アルカイダはブッシュが作ったBoogeymanだった?

 今のアメリカは、イスラム過激派テロリズムを、かつての共産主義のような仮想敵としている。その筆頭は、オサマ・ビン・ラディンが率いるアルカイダである、ということになっている。

 しかし、ことの始まりは、言うまでなく2001年9月11日の同時多発テロ事件に端を発している。そして、この事件について、その全容はまだはっきりしていない。つまり、「何が起きたのか」や「誰がいかなる目的で行ったのか」等々のことがまだ明確になっていない上で、その後のアフガニスタン戦争やイラク戦争を行い、今日に至っているのである。

 LA Times(Jan 11,2005)は、イギリスのBBCで放送されたドキュメンタリー番組"The Power of Nightmares: The Rise of the Politics of Fear"を紹介している。この番組は、そもそも、本当にオサマ・ビン・ラディンが率いるアルカイダという国際テロ組織の脅威が存在するのだろうかと疑問を呈している。この記事"Is Al Qaeda Just a Bush Boogeyman?"は、かなり反響があったらしく、ネットの数多くの独立系メディアサイトに転載されている。その記事を意訳してみよう。

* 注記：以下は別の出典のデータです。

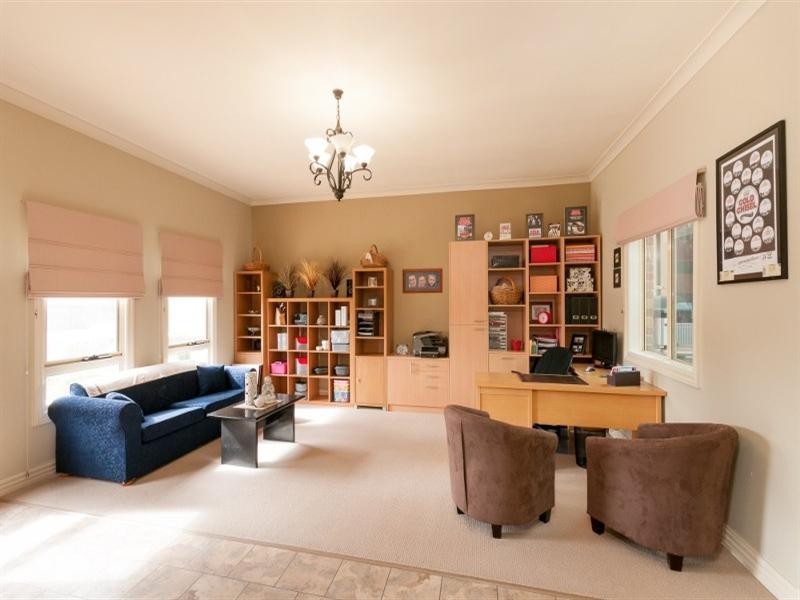 12 Chelmsford Court, Craigieburn VIC 3064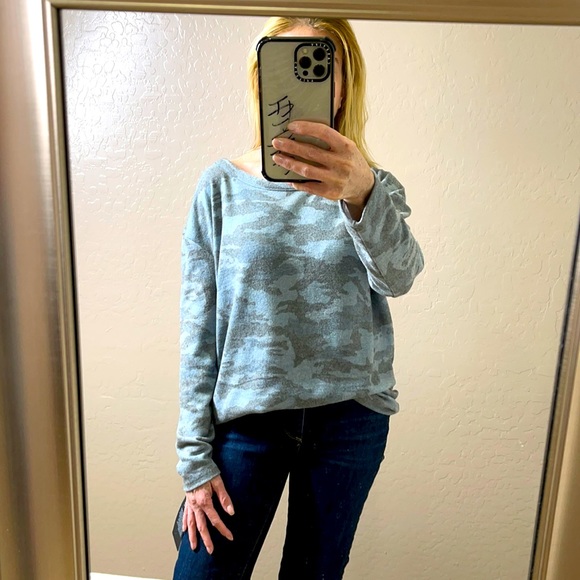 CHASER  L/S Camo cozy top sweater-shirt SZ S NWT - Picture 1 of 7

"much of what we have been told about the threat of international terrorism "is a fantasy that has been exaggerated and distorted by politicians. It is a dark illusion that has spread unquestioned through governments around the world, the security services and the international media.""

「我々は国際テロリズムの脅威をさかんに論じているが、それは、政治家によって誇張して歪められたファンタジーである。それは、世界中の政府と安全保障当局と国際メディアを通して疑いなきものと広められた暗黒の幻想である。」

 軍隊が行う戦争では、敵の対象や規模が明確にわかった上で戦争を行う。テロにはこれができない以上、どこからどこまでやればいいのかわかったものではない。テロの脅威というのは、具体的に実体がある武力の存在の脅威ではなく、イメージや情報などといった目に見えないものの脅威なのだ。であるのならば、これほど権力者に操作されやすい対象はないだろう。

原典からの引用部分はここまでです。